Am anderen Save-Ufer, im alten Stadtviertel Sava Mala, herrschen ganz andere Verhältnisse. In einer Lagerhalle befindet sich das Mikserhaus, ein Ausstellungsraum für junge Künstler und Designer. Das Mikserhaus steht - ganz wie der Name, eine Anspielung auf Mixer, andeutet - für verschiedene Kunstarten offen. Es handelt sich um eine Privatinitiative von Maja Lalic, einer Belgrader Architektin, die Sponsoren für ihre Projekte in der Privatwirtschaft findet. Mit Finanzhilfe des Kulturministeriums kann sie nicht rechnen. Manch ein Haus in der Umgebung von Mikserhaus zieren unterdessen Graffiti junger Künstler.
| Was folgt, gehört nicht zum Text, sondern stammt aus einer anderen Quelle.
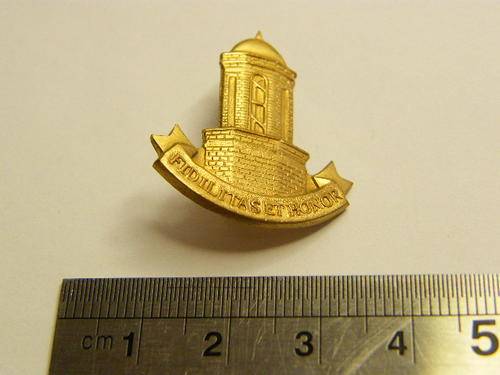 Cape Town Castle Guard Collar Badge - as per photo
In einem zum Mikserhaus gehörenden Café drängen sich in den Morgenstunden junge Menschen mit ihren Laptops. Eine ungewöhnliche Atmosphäre in dem heruntergekommenen Stadtviertel, das noch vom regen Lastwagen-Verkehr an einer der Ausfallstraßen der Stadt geprägt ist, aber schon bald modernisiert werden soll. Das neben dem Mikserhaus liegende Gebäude einer einstigen Genossenschaftsbank wurde bereits renoviert.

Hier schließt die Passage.